In the following embodiments, when it is necessary for the sake of convenience, the description will be divided into a plurality of sections or embodiments. However, unless otherwise specified, they are not irrelevant to each other. There are some or all of the modifications, details, supplementary explanations, and the like.

Further, in the following embodiments, when referring to the number of elements (including the number, numerical value, quantity, range, etc.), especially when clearly indicated and when clearly limited to a specific number in principle, etc. Except, it is not limited to the specific number, and may be more or less than the specific number.

Further, in the following embodiments, the constituent elements (including element steps and the like) are not necessarily indispensable unless otherwise specified and apparently essential in principle. Needless to say.

Similarly, in the following embodiments, when referring to the shapes, positional relationships, etc. of the components, etc., the shapes are substantially the same unless otherwise specified, or otherwise apparent in principle. And the like are included. The same applies to the above numerical values and ranges.

Hereinafter, embodiments of the present invention will be described in detail with reference to the drawings. Note that components having the same function are denoted by the same reference symbols throughout the drawings for describing the embodiments, and the repetitive description thereof will be omitted. In the following embodiments, the description of the same or similar parts will not be repeated in principle unless particularly necessary.

In the drawings used in the embodiments, hatching may be omitted even in a cross-sectional view for easy understanding of the drawings. Further, even a plan view may be hatched to make the drawing easy to see.

(Embodiment 1)
<Power module>
A power module according to Embodiment 1 of the present invention will be described.

FIG. 1 is a plan view of the power module according to the first embodiment. FIG. 2 is a cross-sectional view of the power module according to the first embodiment. FIG. 3 is a plan view of the upper substrate of the power module according to the first embodiment. FIG. 1 is a view of the power module as viewed from the upper surface side. FIG. 2 is a sectional view taken along line AA in FIG. FIG. 3 is a view of the upper substrate viewed from the lower surface side. In FIG. 1, for easy understanding, the upper substrate 4 (see FIG. 2) is removed and seen through.

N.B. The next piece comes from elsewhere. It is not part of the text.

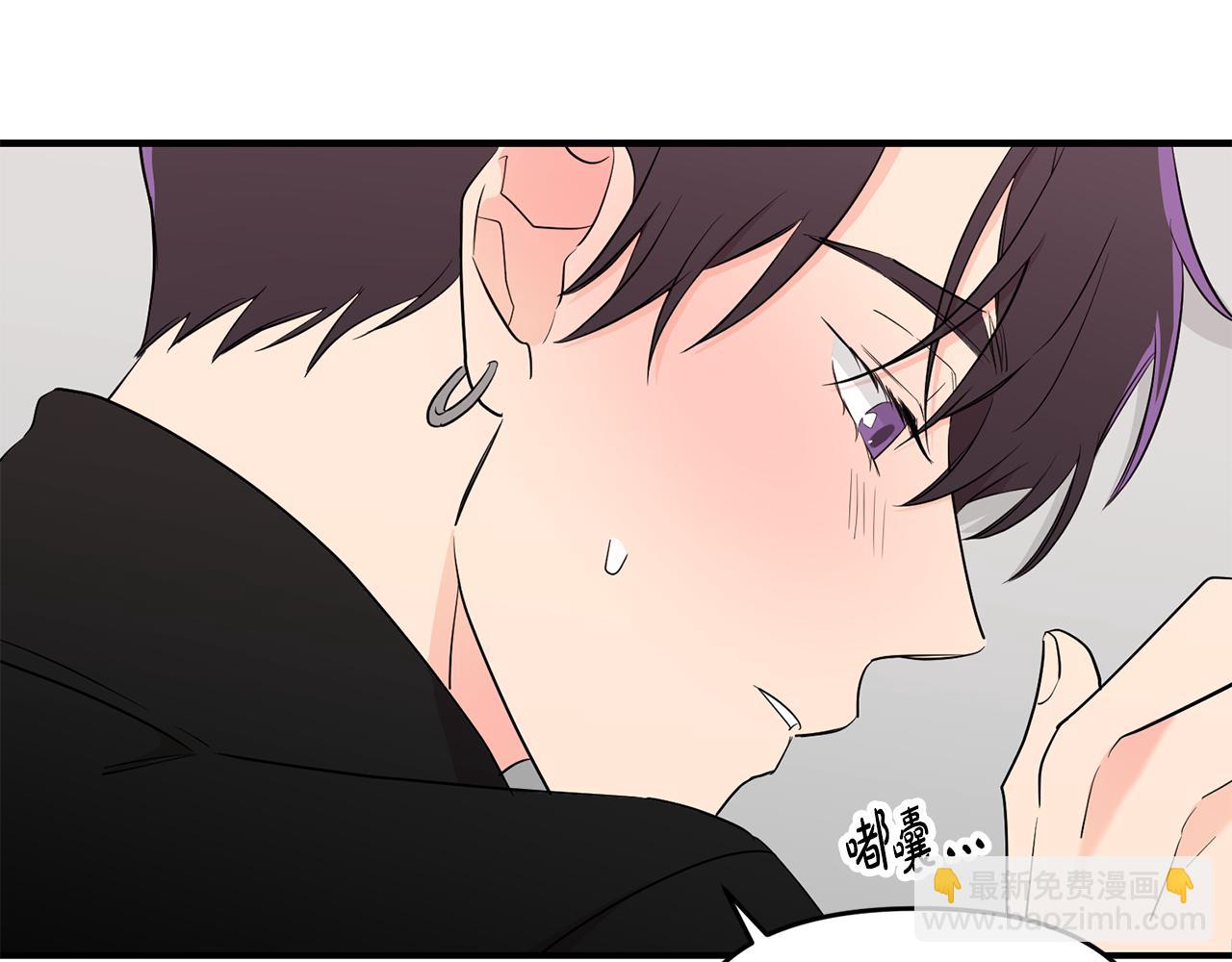 第13话 醉酒(1/4)-第14话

As shown in FIGS. 1 to 3, the power module 1 according to the first embodiment includes a lower substrate 2, a plurality of chip groups 3, an upper substrate 4, and a module input terminal 5.

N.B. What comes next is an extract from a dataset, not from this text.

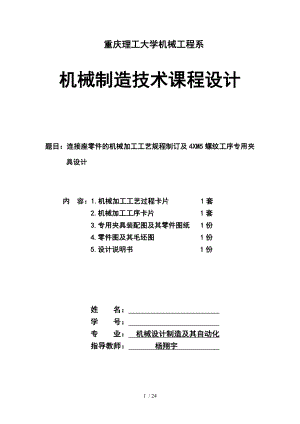 机械制造工艺学连接座与其夹具课程设计.doc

The plurality of chip groups 3 includes a plurality of semiconductor chips 6 provided on the lower substrate 2. The plurality of chip groups 3 are arranged at intervals from each other in plan view. A chip module 7 is formed by the plurality of chip groups 3. The module input terminal 5 is provided at a position overlapping the central portion of the chip module 7 in plan view.

Even if the module input terminal 5 is not provided at a position overlapping the central portion of the chip module 7 in a plan view, if the module input terminal 5 is provided at a position overlapping the chip module 7, the degree will be small, but will be described later. An effect of preventing or suppressing the disturbance of the input waveform of the gate signal can be obtained. Therefore, the module input terminal 5 does not have to be provided at a position overlapping the central portion of the chip module 7 in plan view, and may be provided only at a position overlapping the chip module 7.

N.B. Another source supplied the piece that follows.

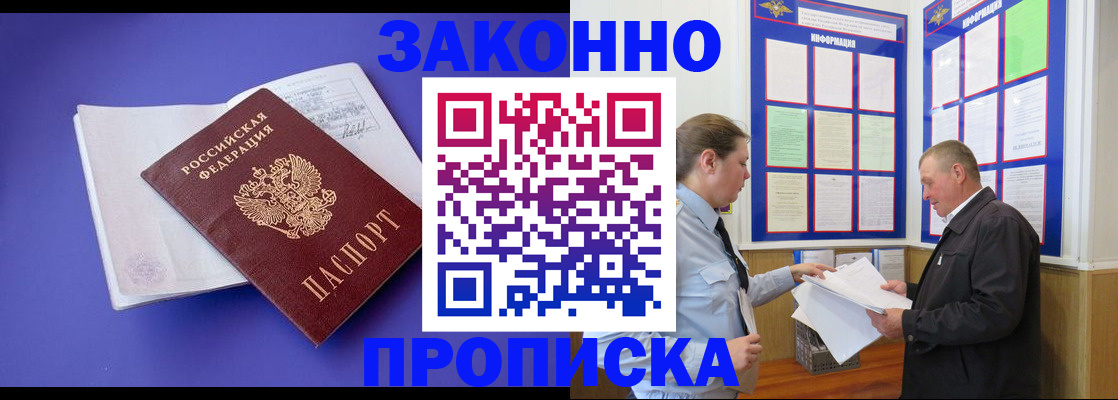форма 3 в Азнакаево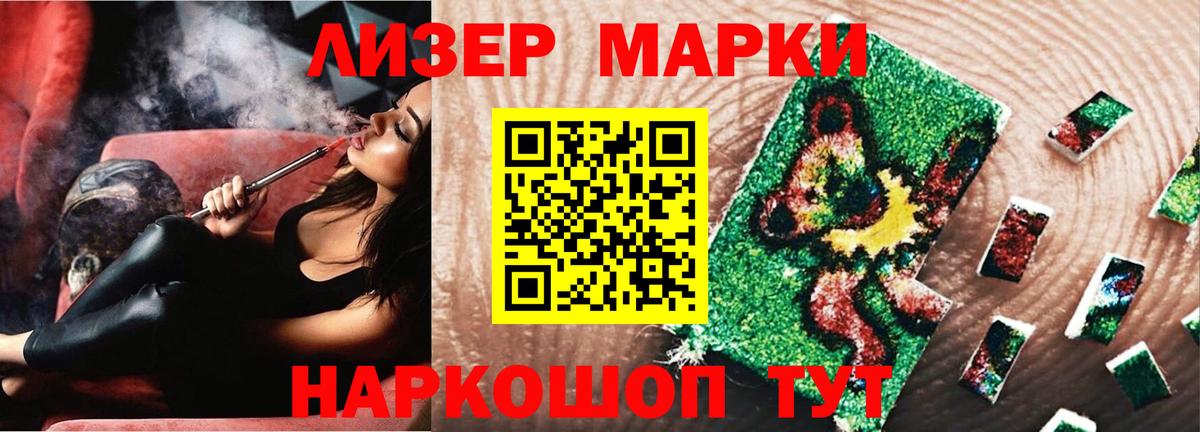 LSD-25 экстази кислота  LSD-25 экстази кислота  Вход с VPN  Нижневартовск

Further, the power module 1 according to the first embodiment includes a plurality of chip group input terminals 8. The plurality of chip group input terminals 8 are provided corresponding to each of the plurality of chip groups 3. The chip group input terminal 8 is an input terminal to which a gate signal sent to the chip group 3 is input. The module input terminal 5 is an input terminal to which a signal sent to the plurality of chip group input terminals 8 is input. That is, the module input terminal 5 is an input terminal from which the gate signal sent to the chip group input terminal 8 provided corresponding to each of the plurality of chip groups 3 is input from the outside of the power module 1.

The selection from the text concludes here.